(Dataset content Opens)
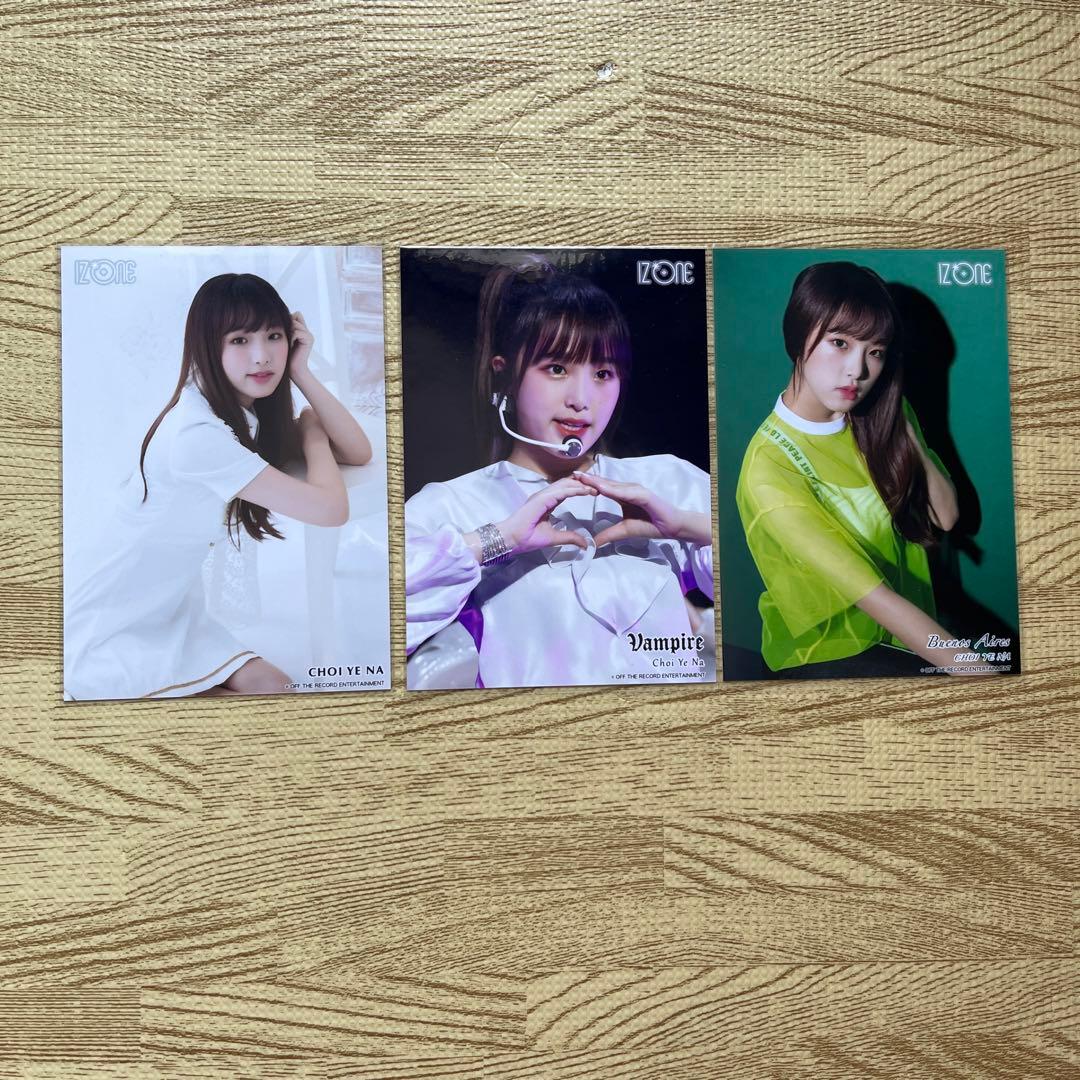 IZ*ONE 生写真 まとめ売り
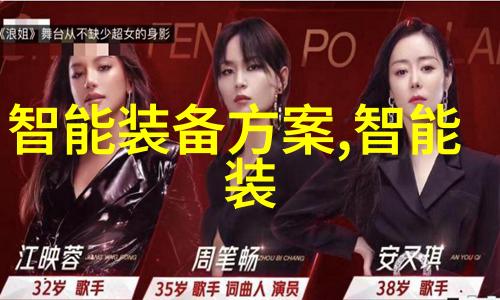 冰封的机械之心冷库设备生产厂家的诗篇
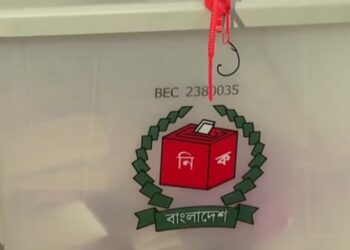High Court writ draws spotlight to integrity of Bangladesh’s twin vote on February 12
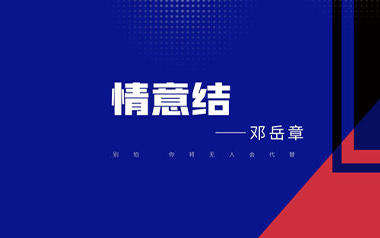 情意结吉他谱_邓岳章_C调简单版弹唱六线谱_高清图片谱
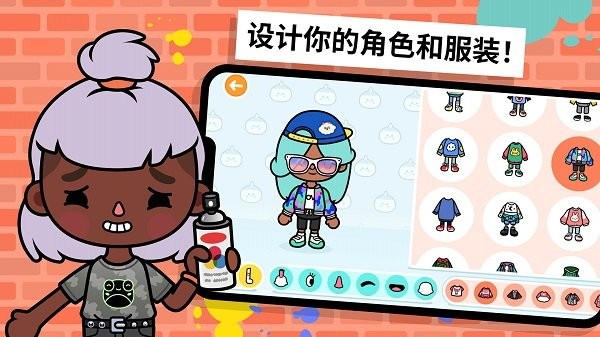 托卡世界摆烂日记游戏手机版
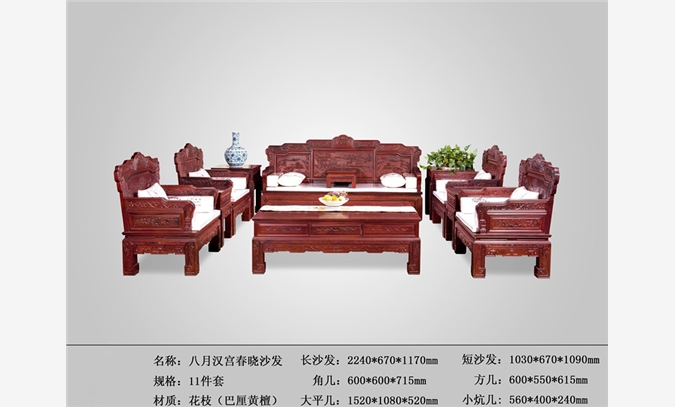 供应汉宫春晓沙发-红酸枝材质-图1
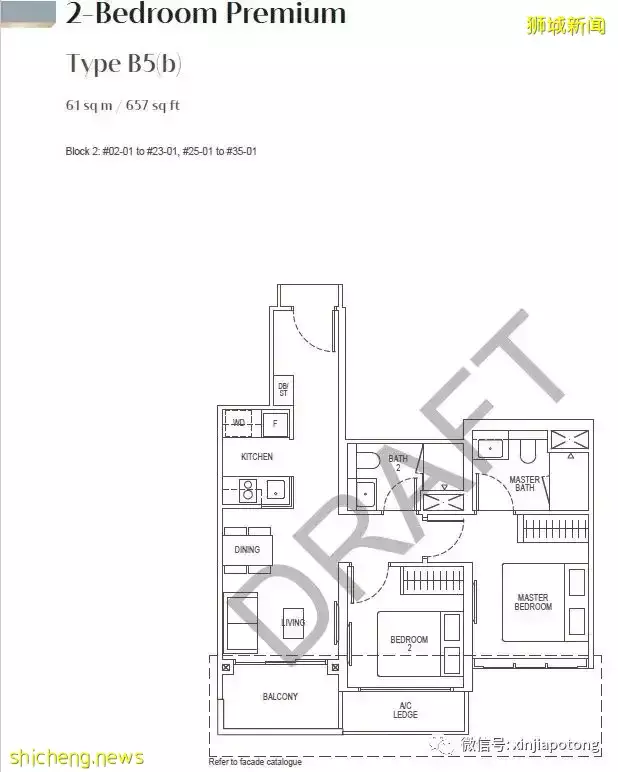 爆款 烏節路新項目隽峰,著名發展商CDL,核心地段,立化小學學區房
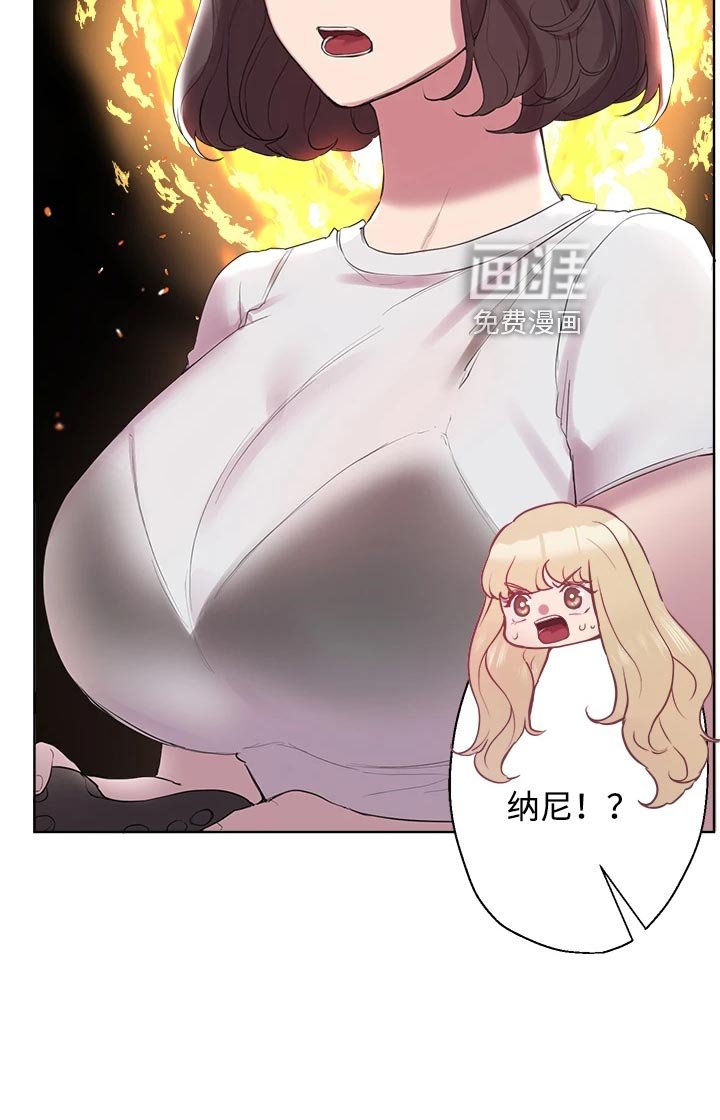 第20章：游戏PK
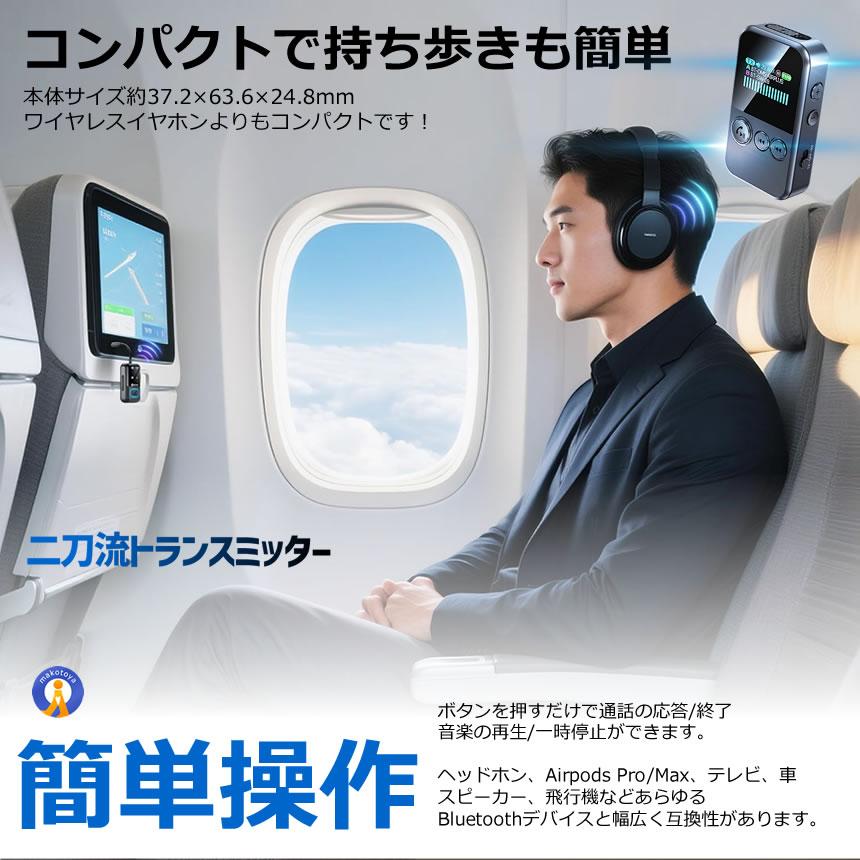 Bluetooth 5.4 トランスミッター レシーバー 送受信両対応 LED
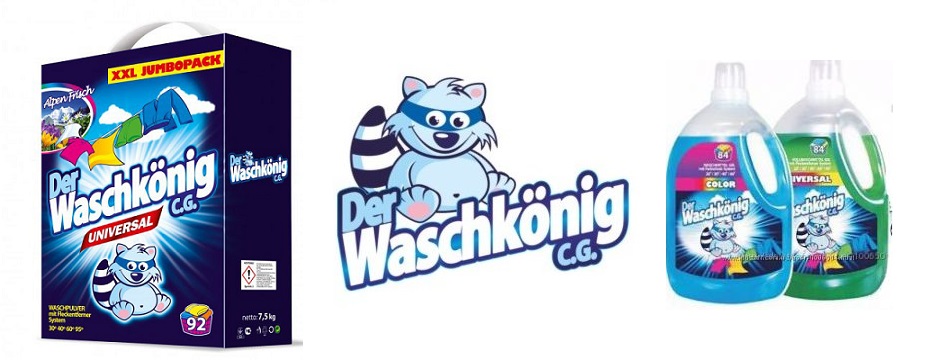 ����-48 �� 13/06. ������� ����� �ur*ti � D�mal. ���������� �������� ��������! ����� ����� - der waschkonig!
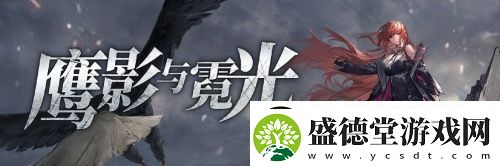 拂晓二周年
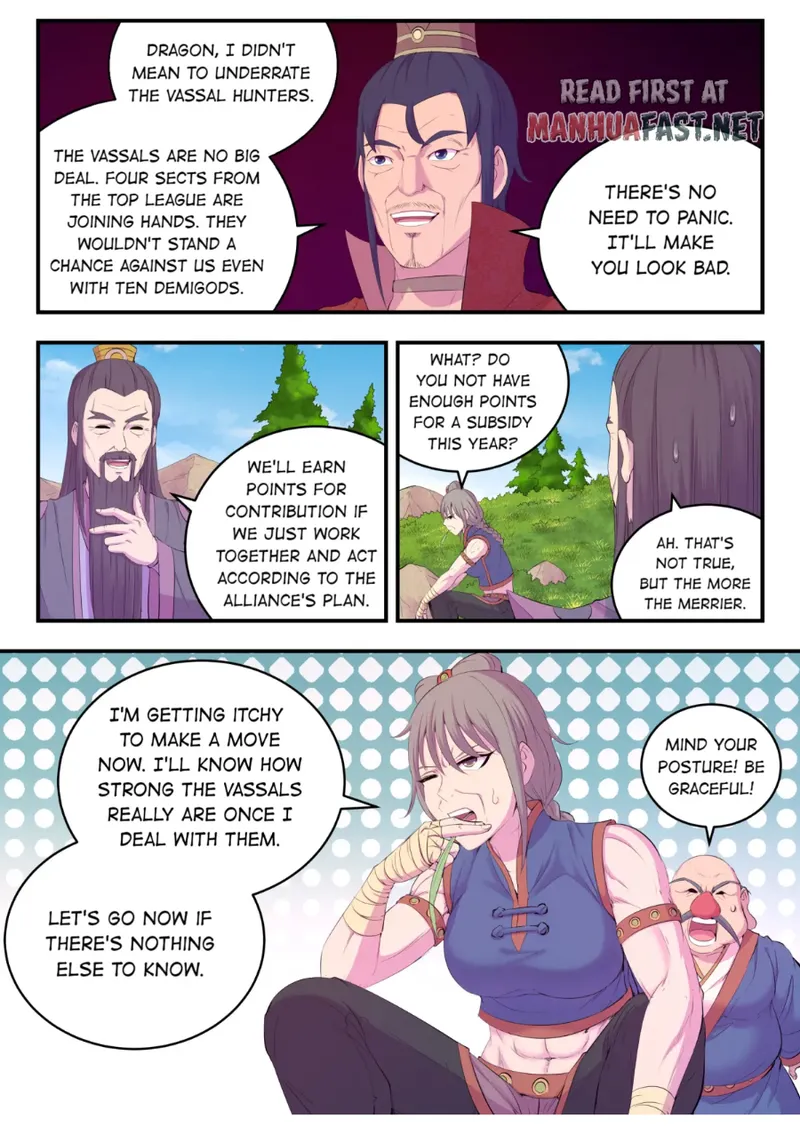 Page 14 of Chapter 179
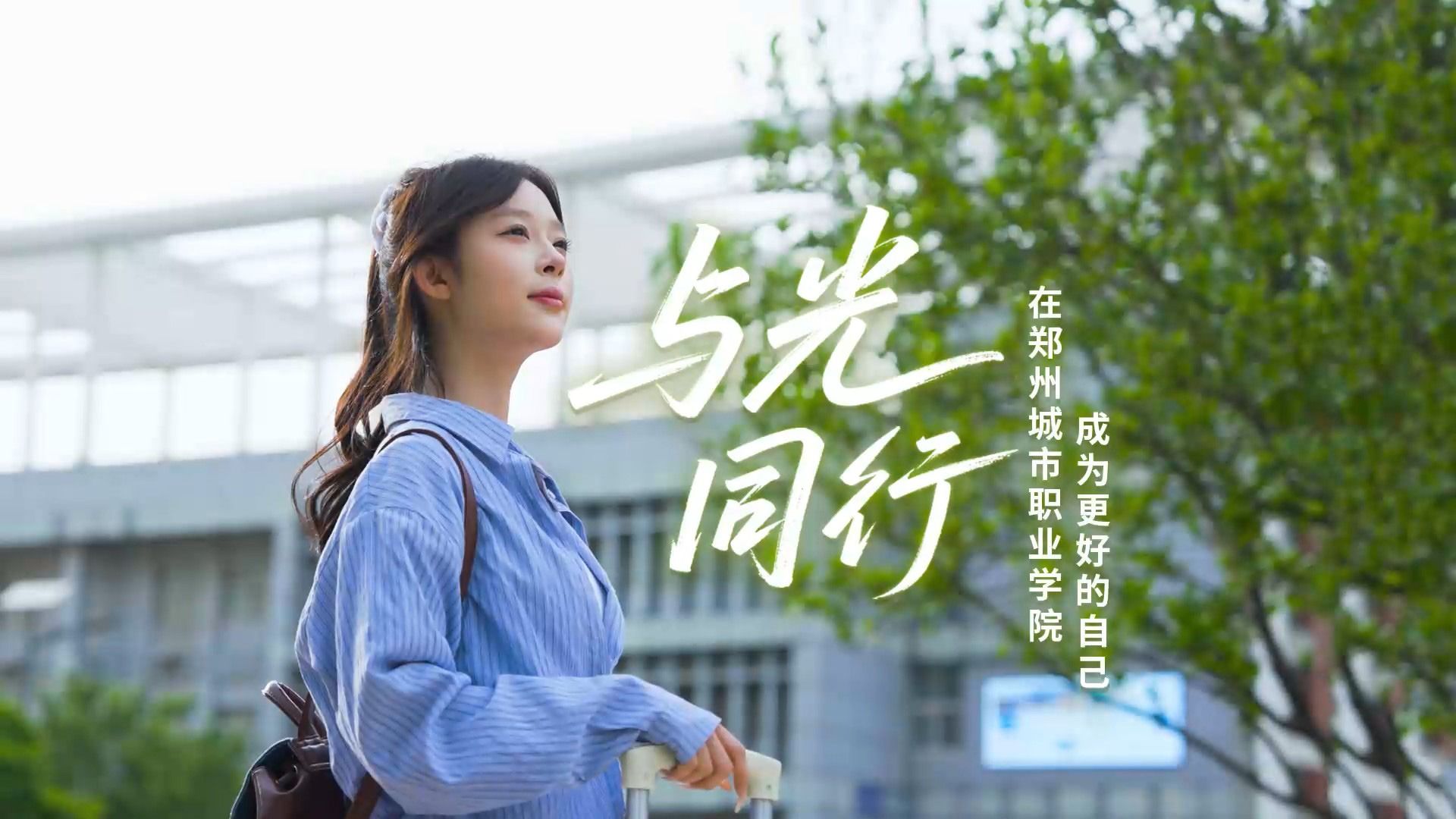 与光同行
(Dataset content Closes)
Task directions >> Word for word, restate all of the entries above and leave each picture out.

Written answer >>
 IZ*ONE 生写真 まとめ売り
 冰封的机械之心冷库设备生产厂家的诗篇
High Court writ draws spotlight to integrity of Bangladesh’s twin vote on February 12
 情意结吉他谱_邓岳章_C调简单版弹唱六线谱_高清图片谱
 托卡世界摆烂日记游戏手机版
 供应汉宫春晓沙发-红酸枝材质-图1
 爆款 烏節路新項目隽峰,著名發展商CDL,核心地段,立化小學學區房
 第20章：游戏PK
 Bluetooth 5.4 トランスミッター レシーバー 送受信両対応 LED
 ����-48 �� 13/06. ������� ����� �ur*ti � D�mal. ���������� �������� ��������! ����� ����� - der waschkonig!
 拂晓二周年
 Page 14 of Chapter 179
 与光同行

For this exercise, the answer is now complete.